The Worcester Election of 1747

In 1747, Britain held a general election. Its role in broader patterns of eighteenth-century politics have been studied by generations of British historians and are relatively well known. Where we still have much more to learn is in our understanding of how people experienced elections on the ground, especially the political culture of provincial urban centers throughout Britain (just a shout out here to Kathleen Wilson, Elaine Chalus, Peter Borsay, and Nicholas Rogers, who are just a few of the scholars who have done important work on the political culture of provincial urban centers).

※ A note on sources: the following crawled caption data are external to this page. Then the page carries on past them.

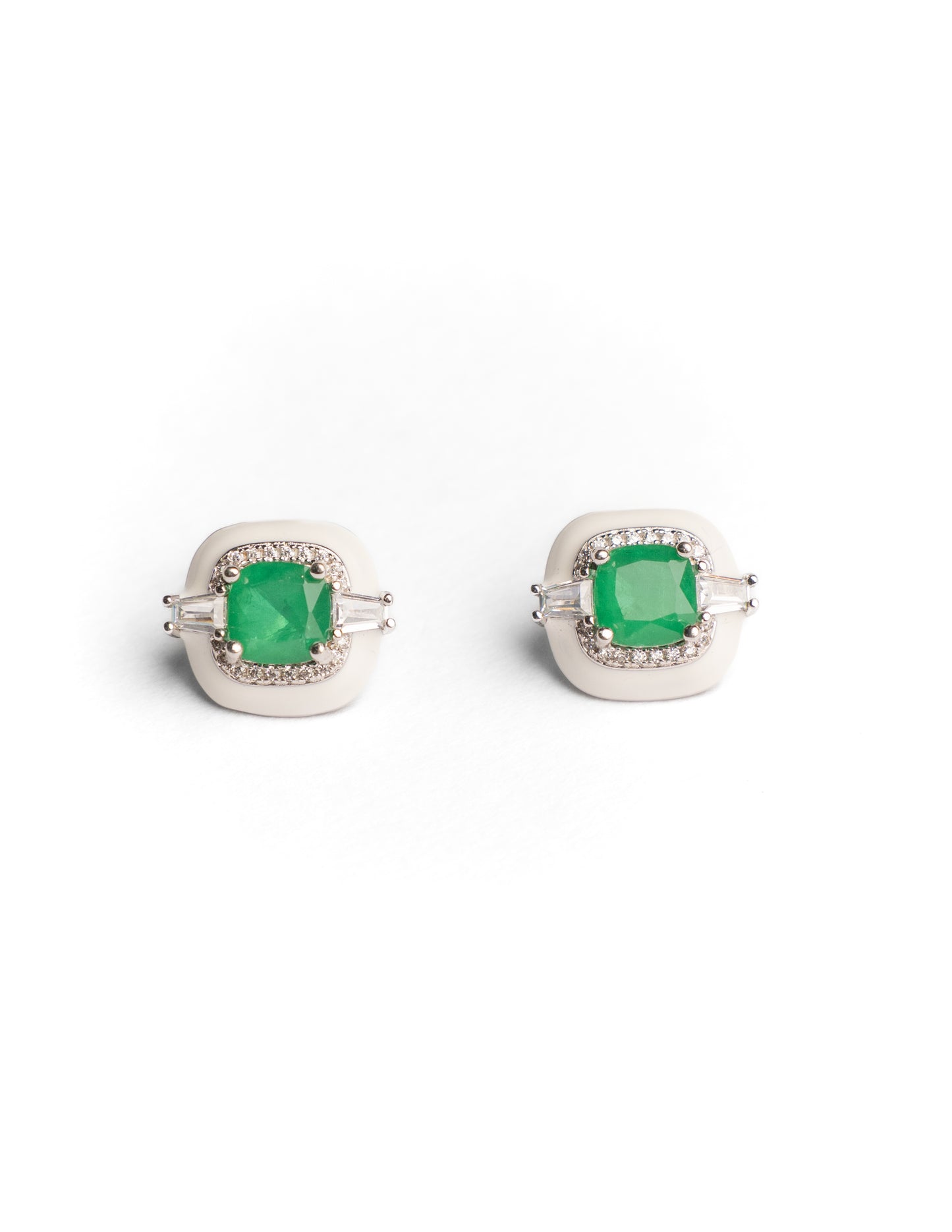 Evergreen Frame Studs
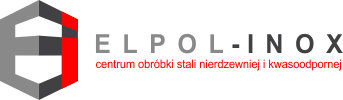 Elpol-Inox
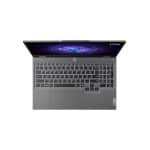 لپ تاپ 15.6 اینچی لنوو مدل LOQ 15IRX9 i7-13650HX 16GB 512SSD RTX3050 6GB FHD IPS 144Hz - تصویر 2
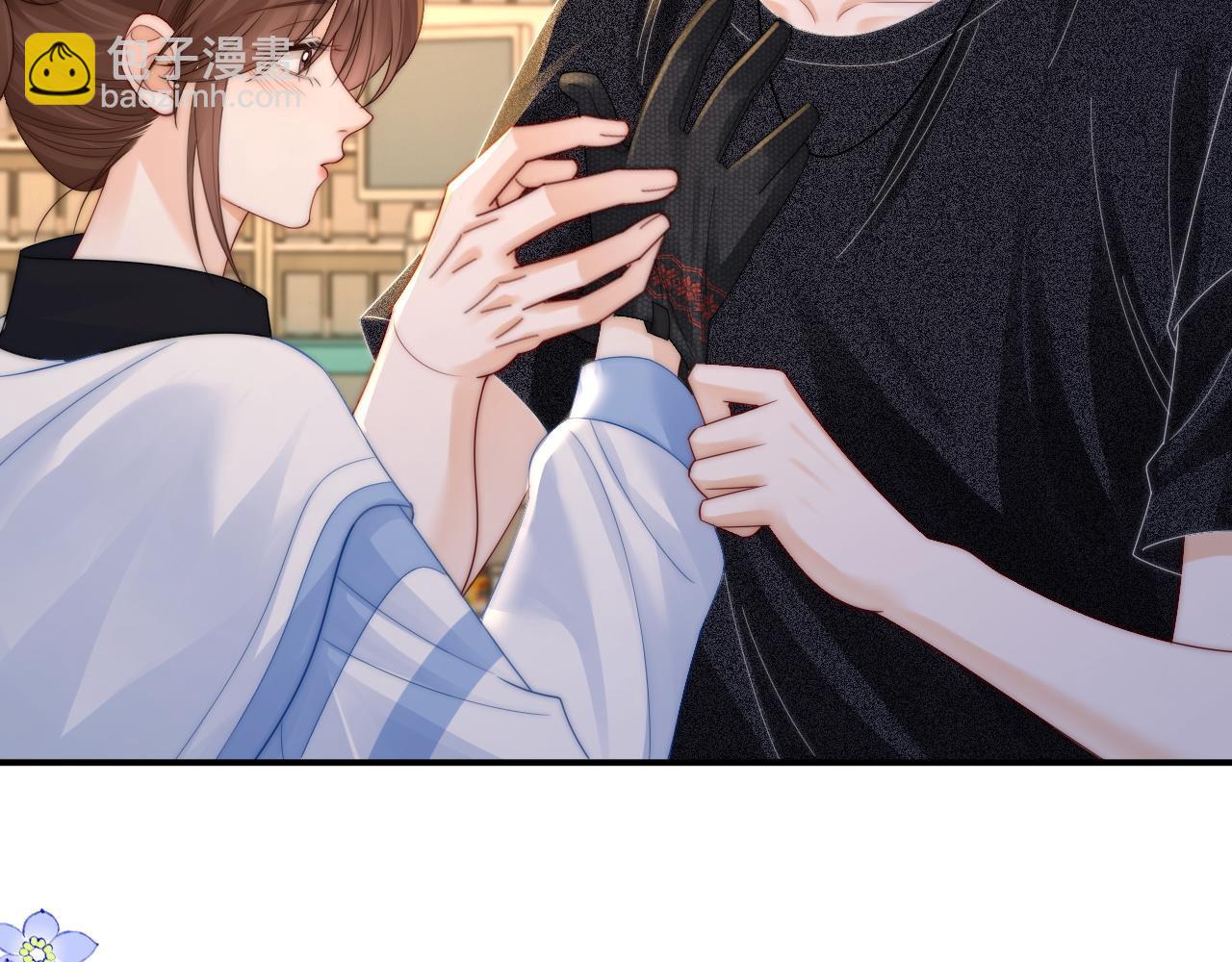 第24话(1/2)-第54话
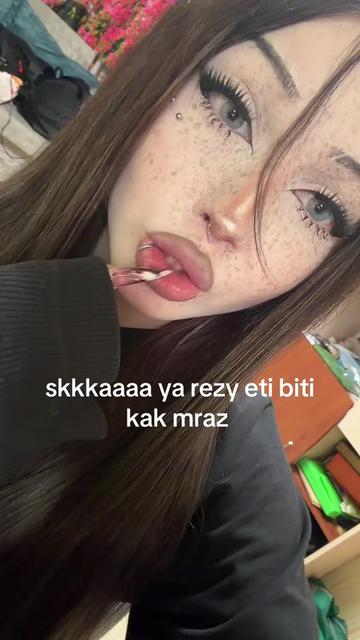 @user47730536449
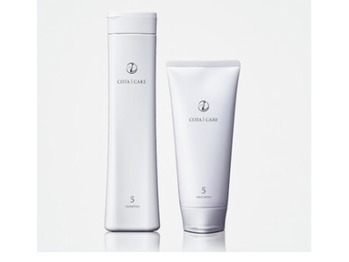 夏セールです!_20190629_3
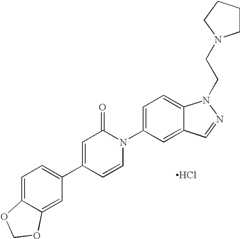 Figure US08273770-20120925-C00114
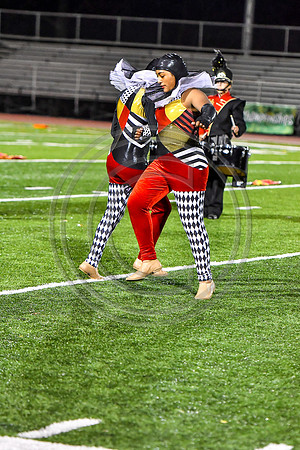 North Bergen_181103_Harrisburg-8333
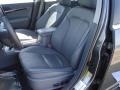 2010 Sterling Gray Metallic Lincoln MKZ FWD  photo #13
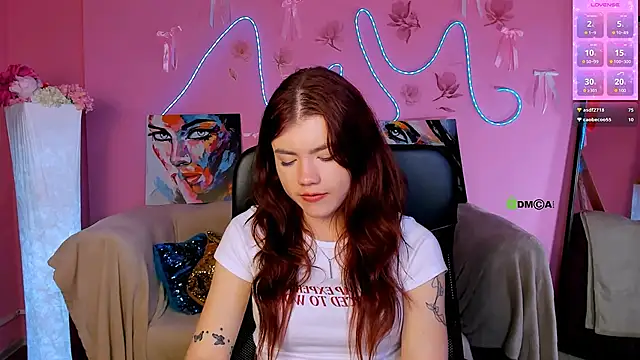 isabel_wave webcam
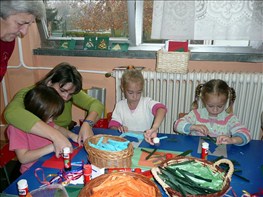P1050052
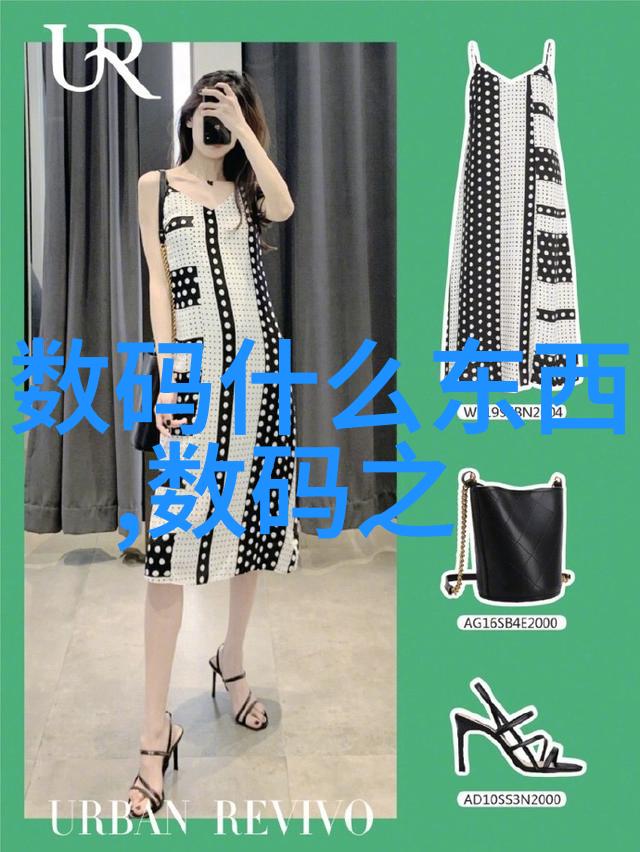 免漆板无需重新粉刷的家居装饰解决方案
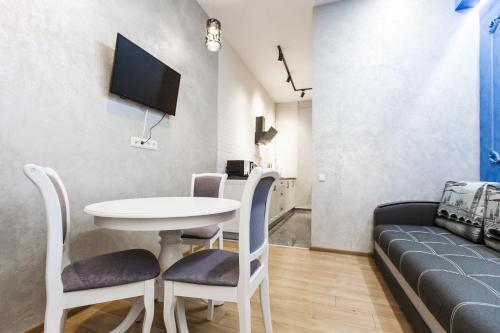 Apartamento ???????????? ??????????? ?? ???.?????? 14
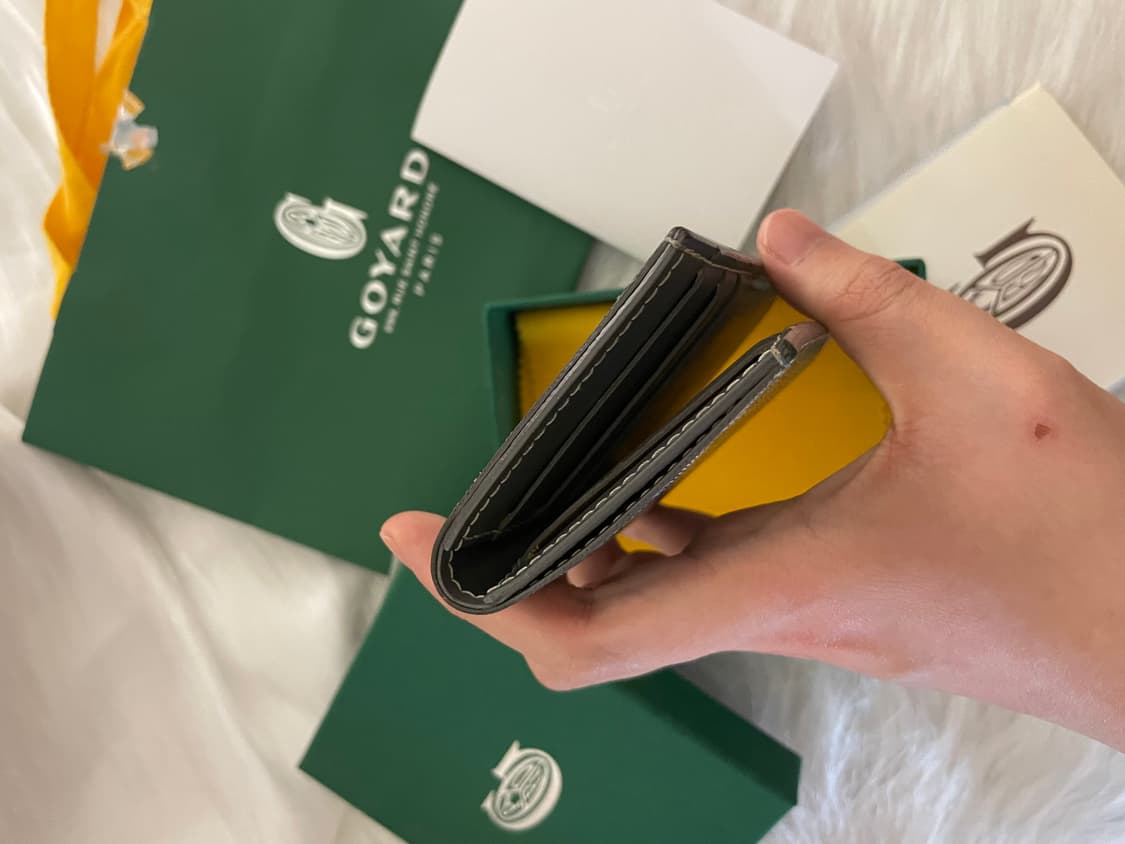 톰브라운 맨투맨 티셔츠 네이비 3 상품이미지4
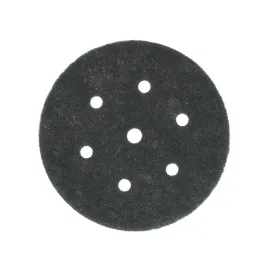 krazek-norton-clean-and-blend-150mm-m-fine-10-szt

I am currently working on an article about the 1747 election in Worcester, which I’m titling "Corruption, Disenfranchisement, and Political Culture: The Worcester Election of 1747.” Linda Colley once recognized Worcester as the pinnacle of Tory influence and corruption in the provinces in the second quarter of the eighteenth century. My article offers Worcester as a case study of political culture at mid-century. In it, I link national politics to local affairs by analyzing the practices of enfranchisement and disenfranchisement as well as the cultural objects generated in response to the election, including poems, prints, porcelain, and architecture.

To give just a little background on the scale of corruption in Worcester in 1747 (and one of the reasons that this event makes such a good case study): soon after the election was called, the Corporation began creating new freemen, empowering over 200 new individuals to vote in the days leading up to the poll. In fact, new freemen were created even as the sheriff was counting the votes.

There were three individuals running for the borough’s two parliamentary seats: Thomas Vernon, Thomas Geers Winford, and Robert Tracy. Vernon and Tracy were aligned with the Whigs while Winford was associated with Tory interests.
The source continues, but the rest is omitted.